Wagstaff didn’t rule out monetary incentives to encourage vaccination uptake but said the priority for businesses should be “to remove disincentives” that limit workers’ access to getting vaccinated.
He said education had proven effective in distilling vaccine misinformation spread in workplaces.
But Hope believes a stronger incentive than a monetary one was having demarcations of what freedoms vaccinated people had over unvaccinated folk.
“If we move too quickly to a ham-fisted approach forcing staff to get vaccinated then that may create further resistance and it will be inherently unfair." – Richard Wagstaff, CTU
Hope said the rollout of digital vaccine passports for the general public would help with this.
“If I choose not to get vaccinated, that will restrict me from doing things that I might have been able to do pre-Covid. I genuinely think if people look at the issue that way then it's a pretty significant incentive to be vaccinated.”
Cullen Law senior associate Calum Cartwright said over the past couple of months he had been fielding calls from employers asking about their obligations about vaccination policies.
Cartwright said the starting point for most employers was to understand their health and safety obligations.
“Certainly mandating vaccines is arguably consistent with health and safety obligations, but it would likely depend on the circumstances of each employer.”
He said how exposed a business was to the general public - as well as issues such as the risk opening borders posed on the business or highly transmissible variants - also needed to be considered to justify a no jab, no job policy.
Vaccination rates plateauing in the United States resulted in President Joe Biden announcing a vaccine mandate.

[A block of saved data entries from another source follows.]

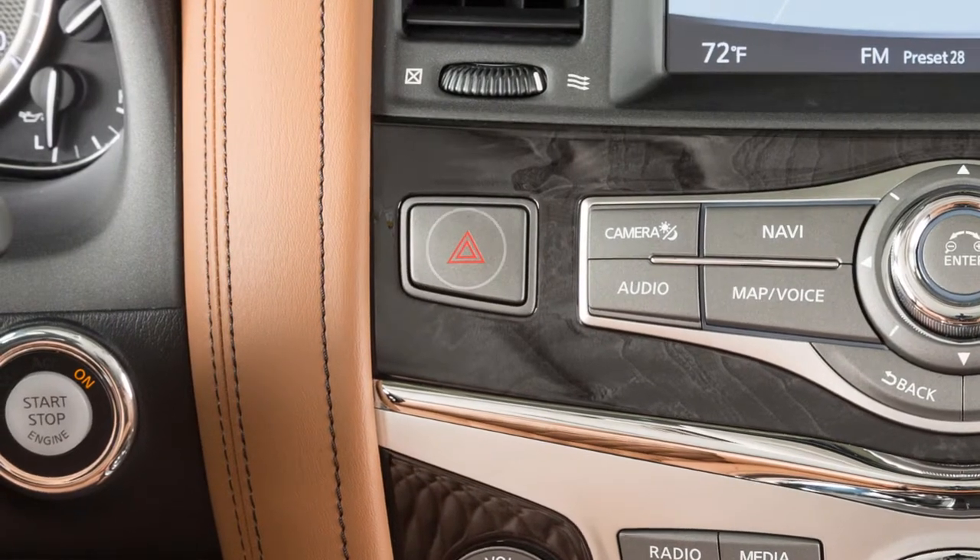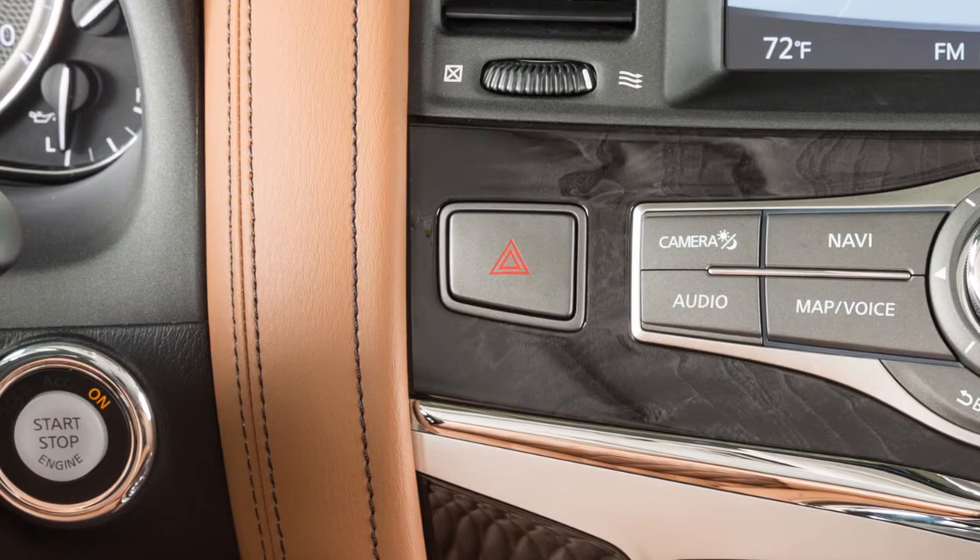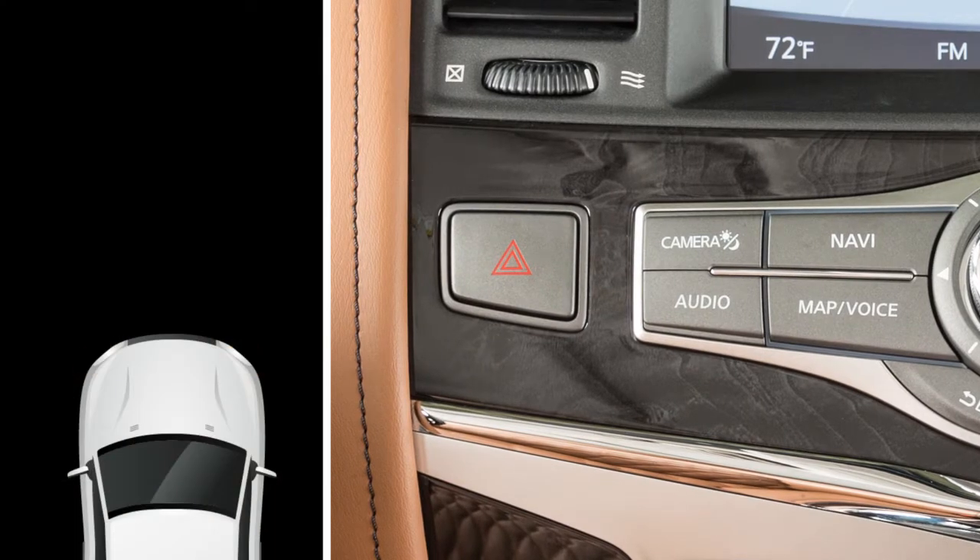Push this switch when you need to warn other drivers that you must stop and or park under emergency conditions. All turn signal lights will flash. Push again to turn off your flashers.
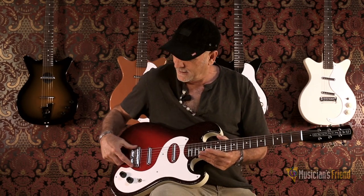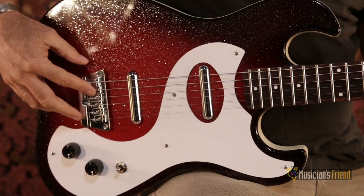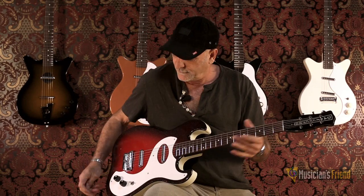Master tone and volume for ease of tone. Also, we have a fully adjustable metal saddle bridge in a wonderful red sparkle finish, available at Musicians Friend.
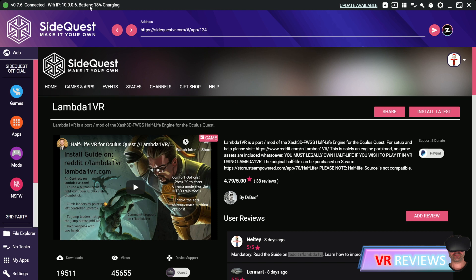Welcome VR lovers and SideQuest fans, my name is Tony and today I go through a step-by-step on how to install Half-Life onto your Oculus Quest with all the high-definition textures and models.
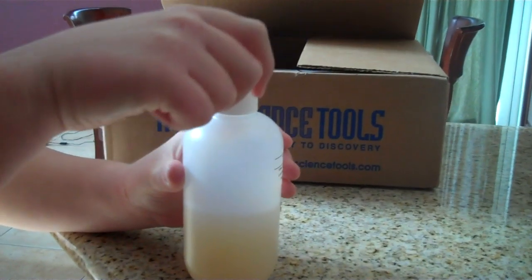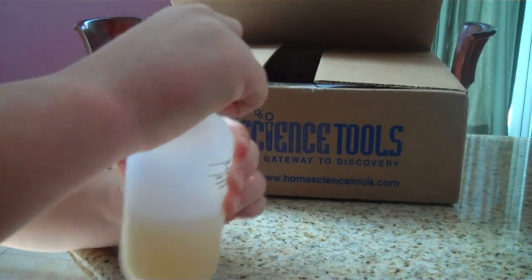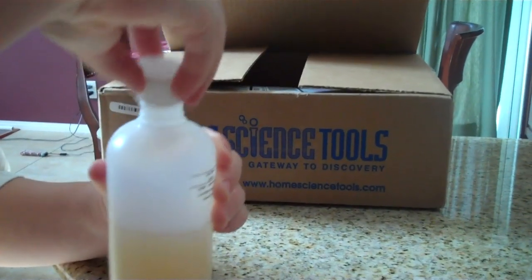Step 1: Remove the lid of the bottled agar. Step 2: Microwave the bottle of agar on high for 30 seconds.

In New Zealand 1.5 million people have been fully vaccinated - 30 percent of the total population and 36 percent of the eligible population. Meanwhile, 1.4 million Kiwis have received just one dose.

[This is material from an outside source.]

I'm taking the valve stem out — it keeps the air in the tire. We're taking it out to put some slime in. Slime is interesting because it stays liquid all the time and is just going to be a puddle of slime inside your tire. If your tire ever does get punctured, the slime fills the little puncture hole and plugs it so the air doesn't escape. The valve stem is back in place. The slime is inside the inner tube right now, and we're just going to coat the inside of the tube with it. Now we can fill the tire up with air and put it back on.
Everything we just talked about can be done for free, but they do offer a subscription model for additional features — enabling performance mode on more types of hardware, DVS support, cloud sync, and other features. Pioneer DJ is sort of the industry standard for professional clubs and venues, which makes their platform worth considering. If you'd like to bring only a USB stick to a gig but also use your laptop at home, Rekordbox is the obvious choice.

“We're in new territory at the moment. It's been so long since there was a pandemic like this.” – Calum Cartwright, Cullen Law
Cartwright said this was unlikely to happen in New Zealand because the circumstances in the US were different, with high hospitalisation and death rates putting pressure on their health system.

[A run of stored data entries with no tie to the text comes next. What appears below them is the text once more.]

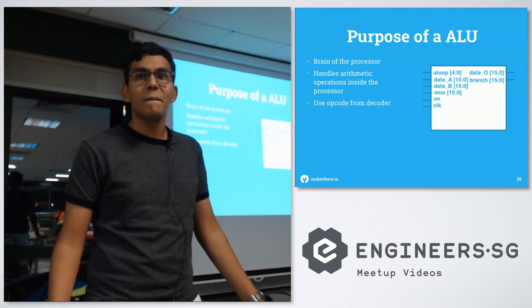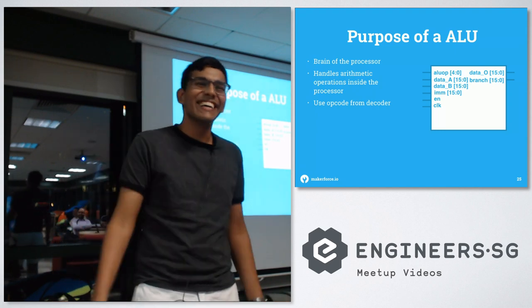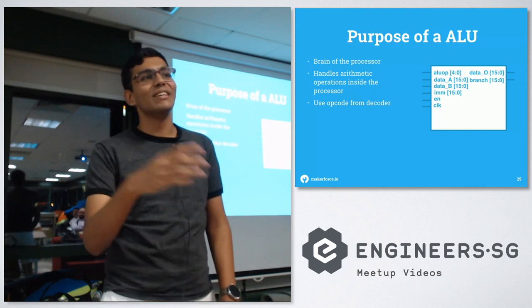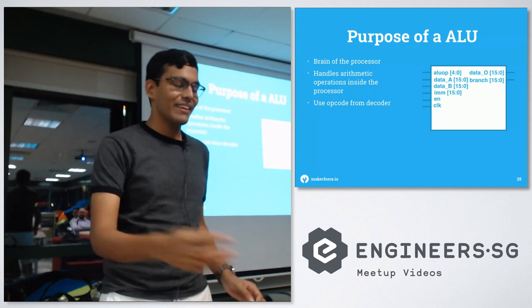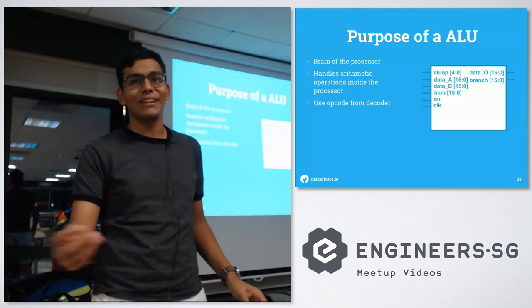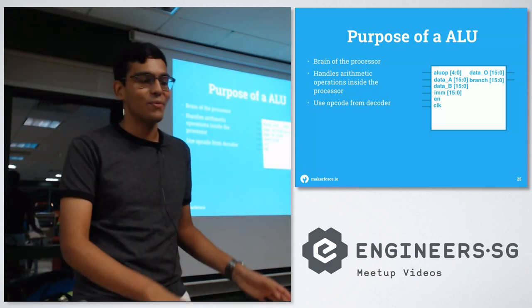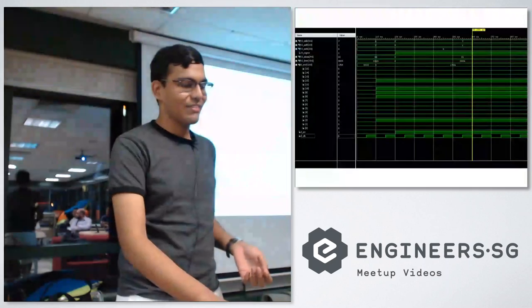Final questions. Someone asks about an Arduino version — the speaker says slowly maybe, but it takes time. They note it becomes more and more complex as the instruction set grows, and a 16-bit instruction set is already very limited — the ISA is packed to the maximum opcode size already.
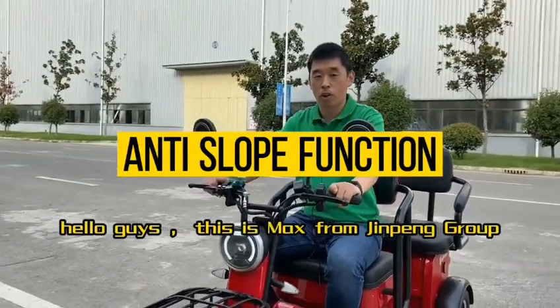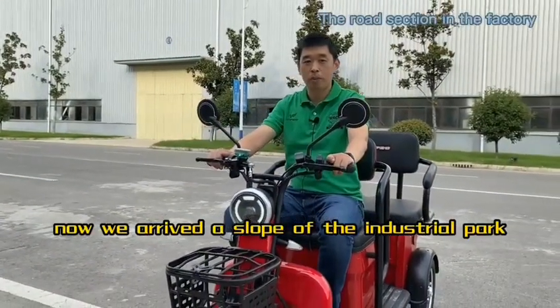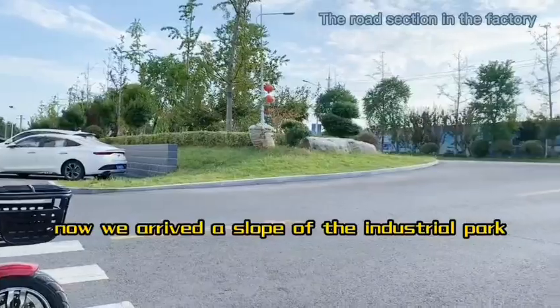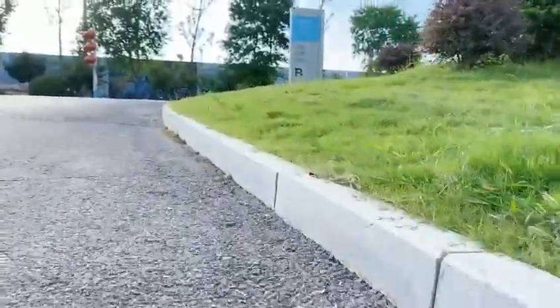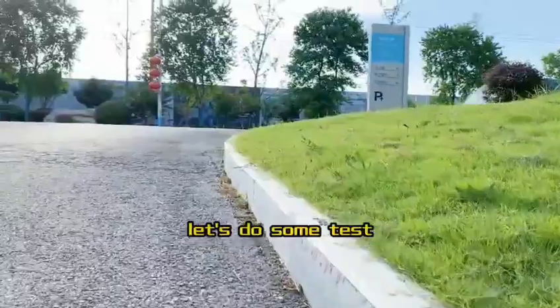Hello guys, this is Max from Jinpong Group. Now we arrived at a slope of the industrial park. Today we'll show you some practical function. Let's do some test.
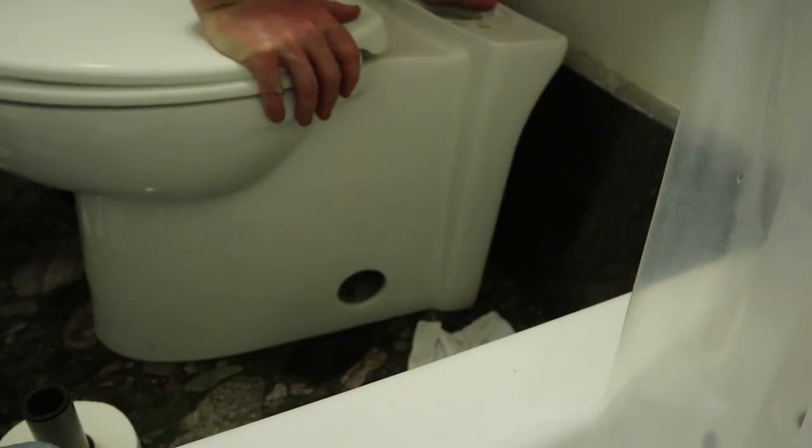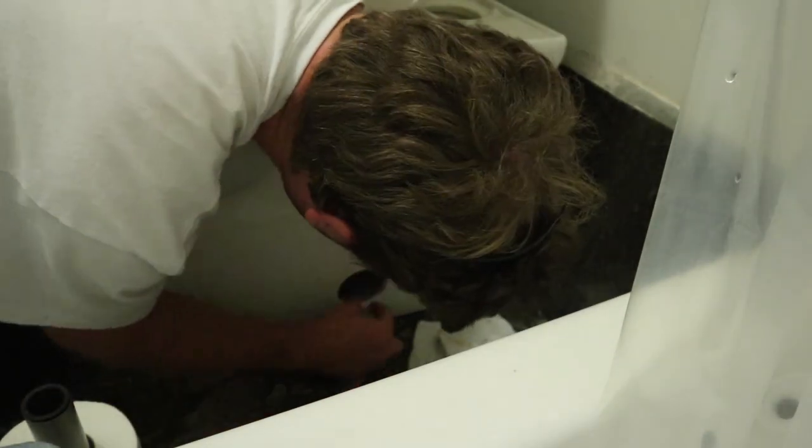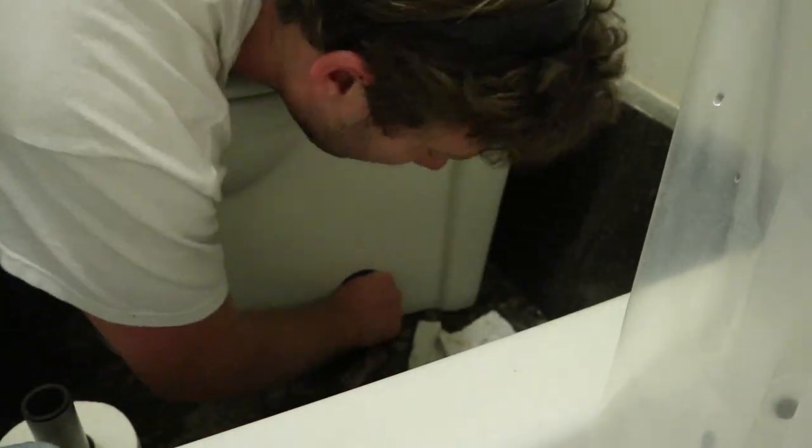Now I am on the floor eyeballing where exactly the wax ring is, making sure that when I set it down it was pretty much directly in the proper spot.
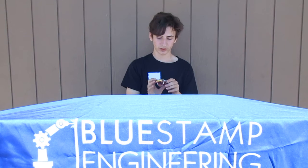My name is Jacob. I go to JCHS, and for my starter project, I built the Simon Says machine, which, you know, it works. It's a Simon Says machine.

The right to refuse medical treatment under the New Zealand Bill of Rights limited the likelihood of a blanket mandate. More likely were more targeted mandates for specific roles, he said.
“We're in new territory at the moment. It's been so long since there was a pandemic like this. It's unprecedented.”
Cartwright said a lot of the concerns around vaccine mandates, outside of industries covered by the public health order, were still “up in the air”.
Earlier this month the Employment Relations Authority found that a Customs worker who was sacked after refusing to get vaccinated was not unjustifiably dismissed because her job was covered under the public health order mandating border workers to get vaccinated.
Cartwright said the public health order made this a straightforward case, but it was hard for lawyers to apply this decision to other employers.
The other consideration for lawyers was to see how a higher court would rule on a no jab, no job policy.
But under New Zealand employment law, most matters boiled down to the fair and reasonable test.
“I think any employer looking into dismissal of an employee because they refused to get vaccinated needs to seriously consider that employee's circumstances and the reasons why.
“Grounds may be due to medical reasons, such as they’re allergic or a genuine religious belief.”